PROBLEM DESCRIPTION :: Write every record below out exactly; no images.

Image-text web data
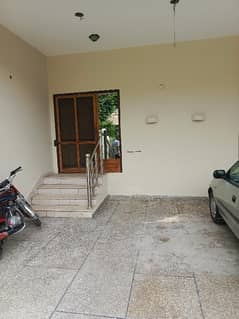 10Marla upper portion available for rent 0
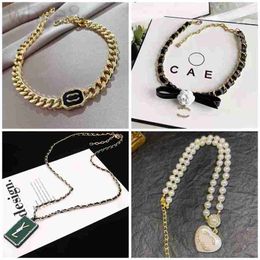 Pendant Necklaces designer Designer Choker New Women's Gift Love Necklace Wedding Party Long Chain Luxury Jewelry Spring Pearl High Sense Whesale GUZR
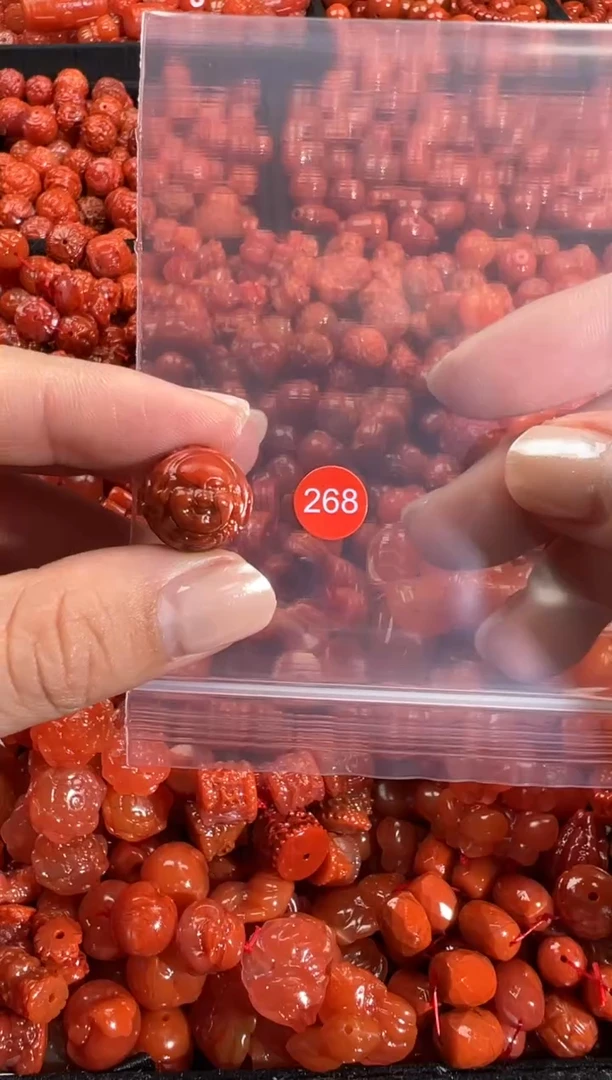 颈饰未镶嵌南红玛瑙1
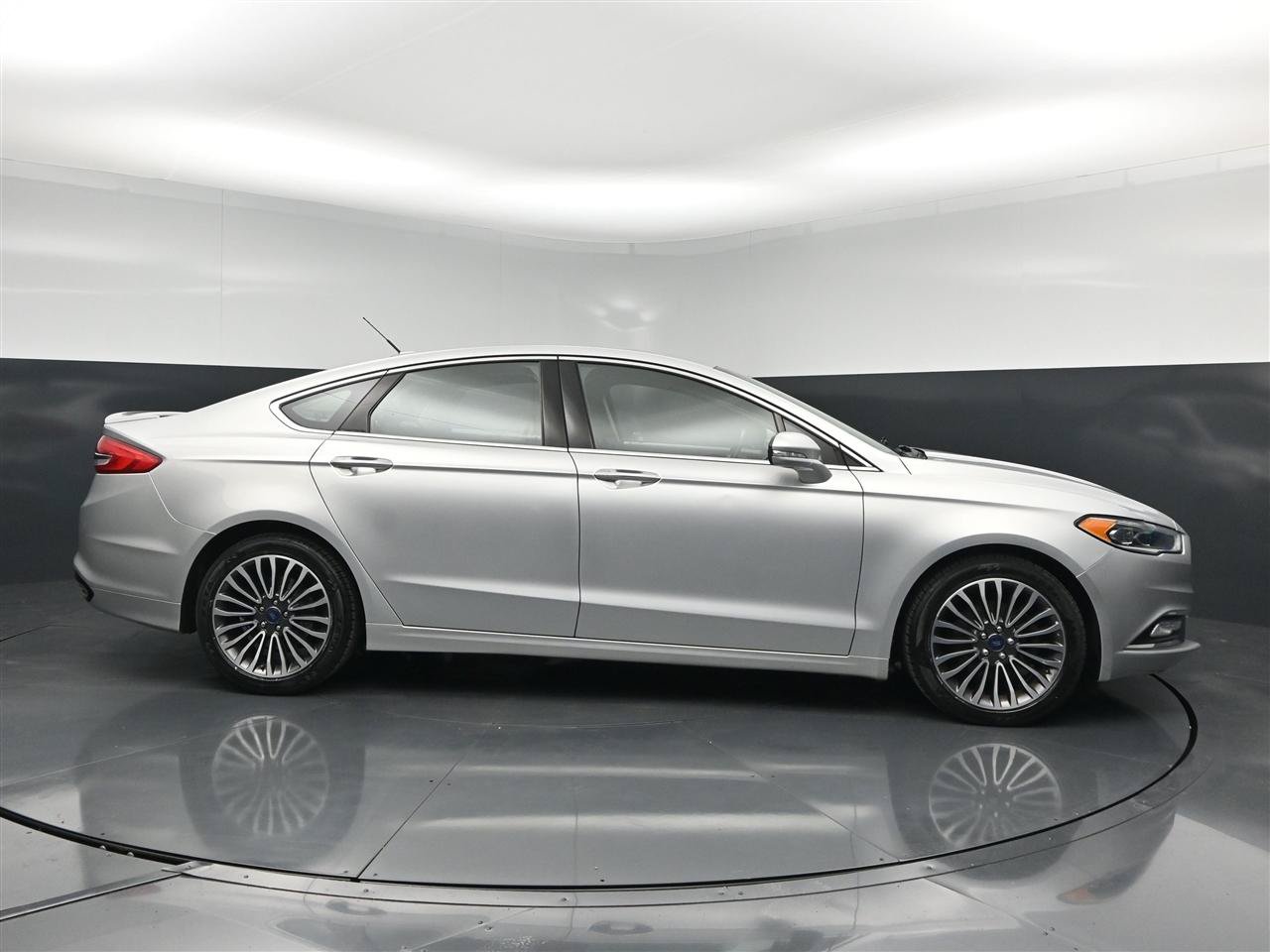 Used 2018 Ford Fusion Titanium AWD/4WD image 4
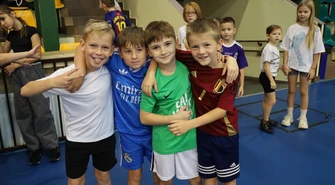 Sportowa lekcja z OSiR-em:  Piłkarze PKS Polonia poprowadzili zajęcia dla uczniów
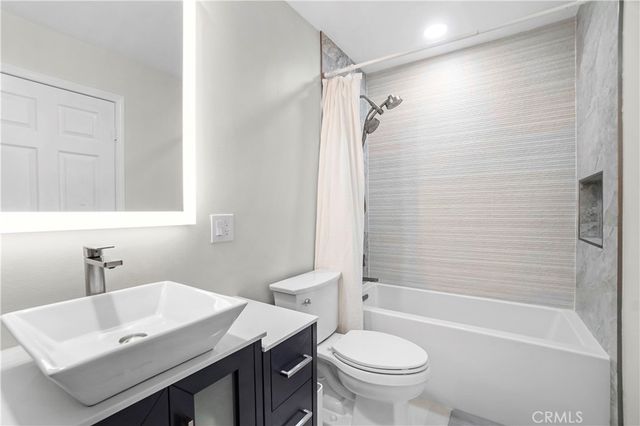 308 S Cabrillo Avenue 3, San Pedro, CA 90731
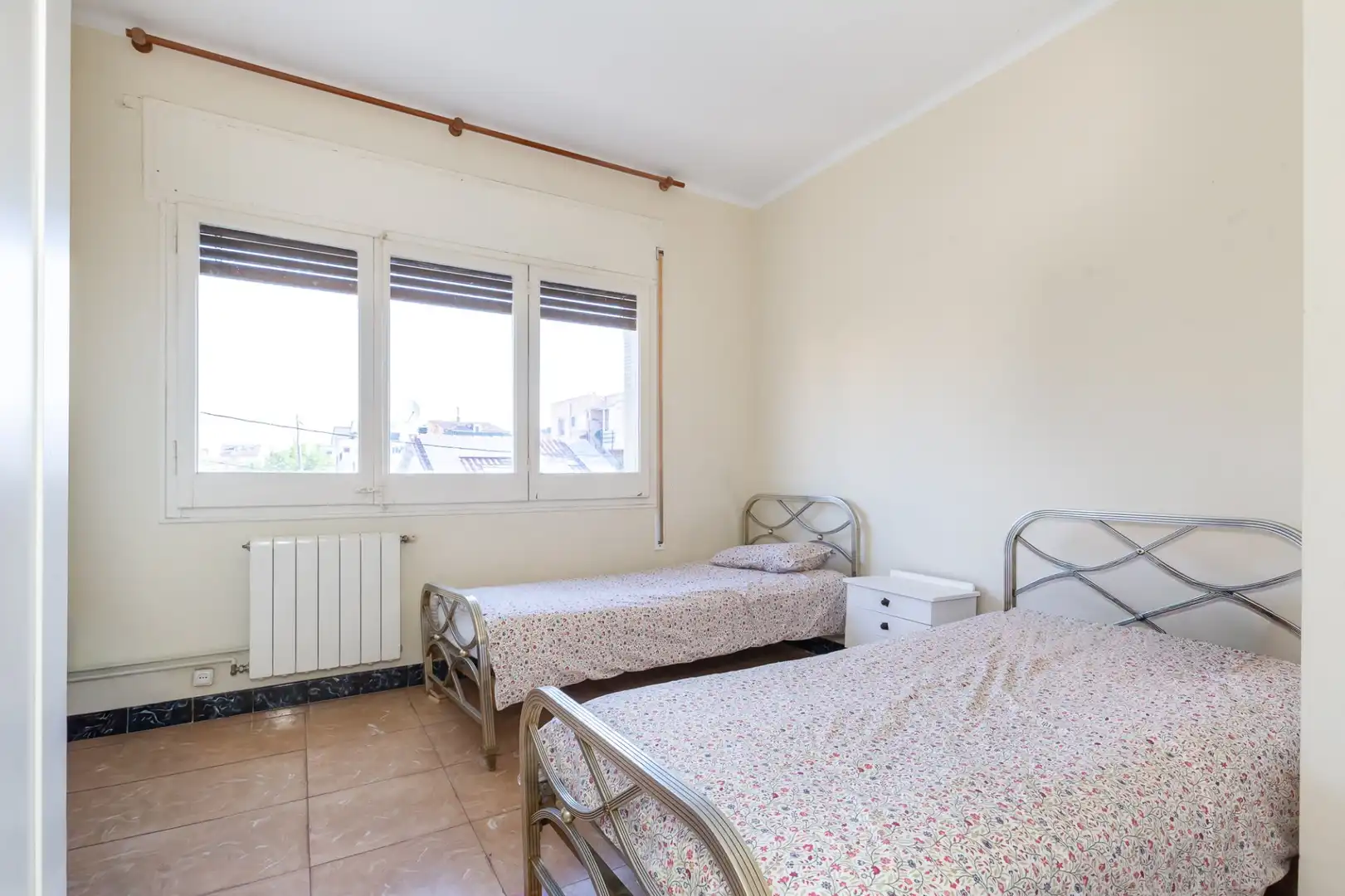 Dormitori de Casa o xalet en venda en Montcada i Reixac amb Aire condicionat, Calefacció i Terrassa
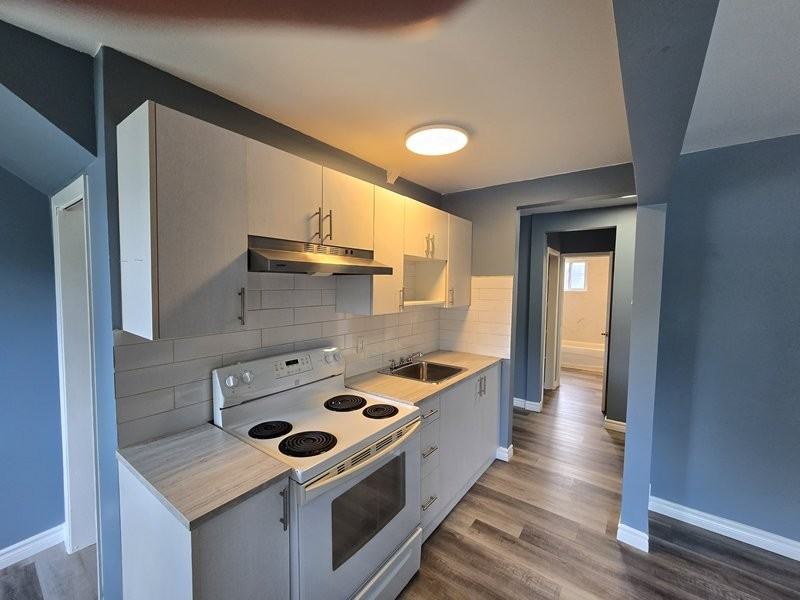 342 Talbot St - Photo 5 of 10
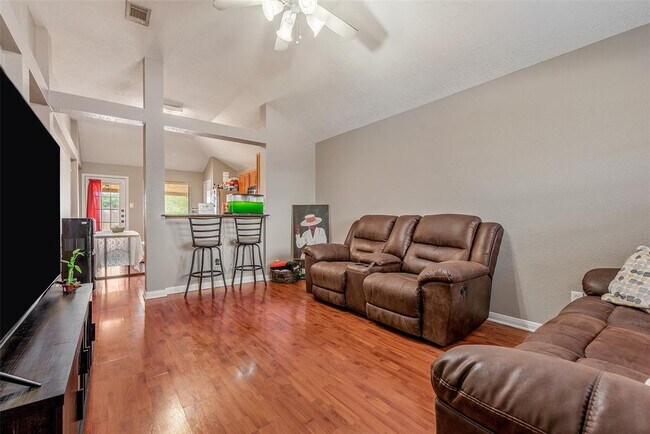 Building Photo - 943 Crested Point Dr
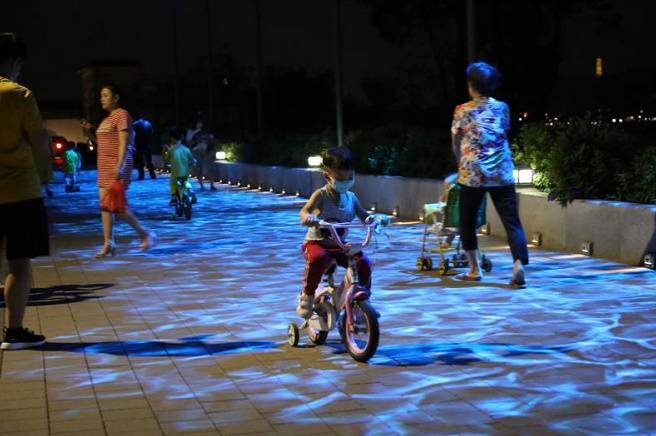 罗霈 摄 罗霈 摄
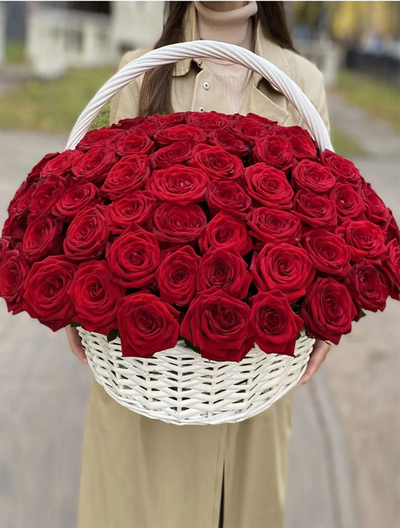 101 красная роза в корзине (цвет на выбор)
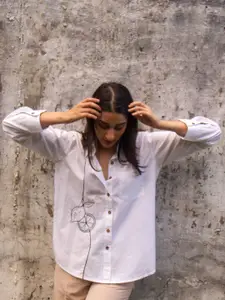 SPARROW Women Relaxed Cutaway Collar Abstract Printed Cotton Relaxed Fit Casual Shirt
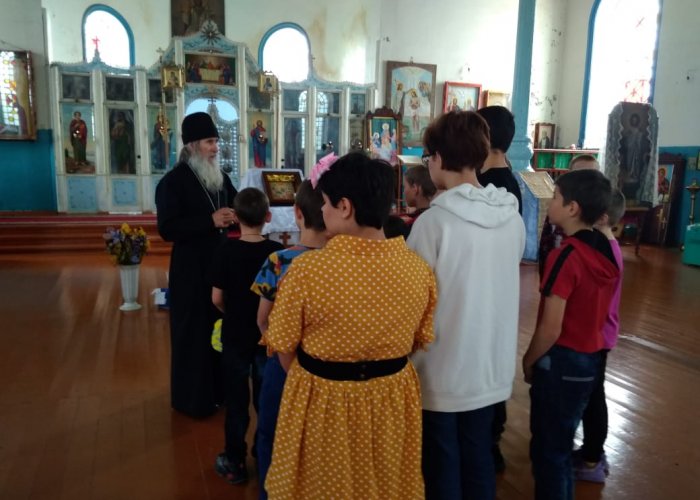 Дети посетили храм в с.Новомихайловском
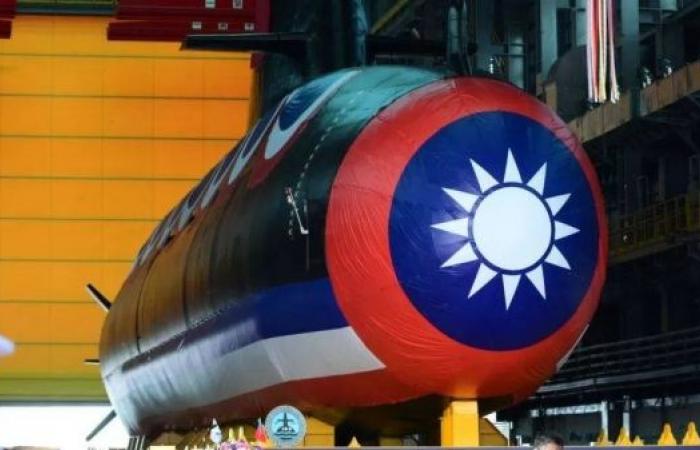 Haikun: Taiwan unveils new submarine to fend off China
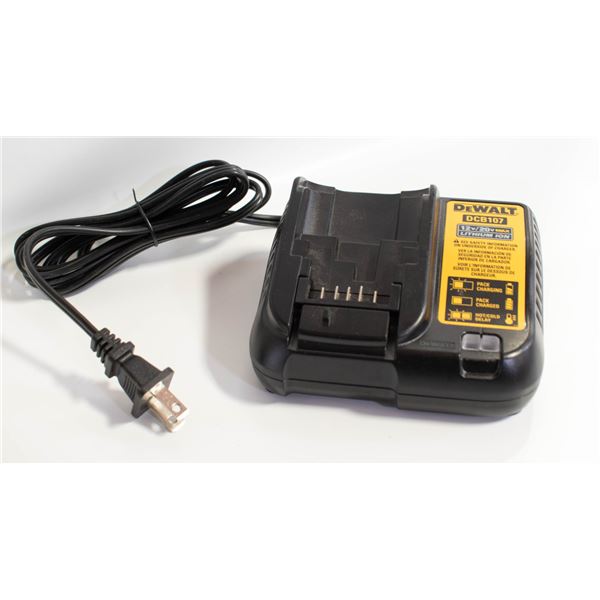DEWALT DCB107 CHARGER (TESTED)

TASK RESPONSE ::
 10Marla upper portion available for rent 0
 Pendant Necklaces designer Designer Choker New Women's Gift Love Necklace Wedding Party Long Chain Luxury Jewelry Spring Pearl High Sense Whesale GUZR
 颈饰未镶嵌南红玛瑙1
 Used 2018 Ford Fusion Titanium AWD/4WD image 4
 Sportowa lekcja z OSiR-em:  Piłkarze PKS Polonia poprowadzili zajęcia dla uczniów
 308 S Cabrillo Avenue 3, San Pedro, CA 90731
 Dormitori de Casa o xalet en venda en Montcada i Reixac amb Aire condicionat, Calefacció i Terrassa
 342 Talbot St - Photo 5 of 10
 Building Photo - 943 Crested Point Dr
 罗霈 摄 罗霈 摄
 101 красная роза в корзине (цвет на выбор)
 SPARROW Women Relaxed Cutaway Collar Abstract Printed Cotton Relaxed Fit Casual Shirt
 Дети посетили храм в с.Новомихайловском
 Haikun: Taiwan unveils new submarine to fend off China
DEWALT DCB107 CHARGER (TESTED)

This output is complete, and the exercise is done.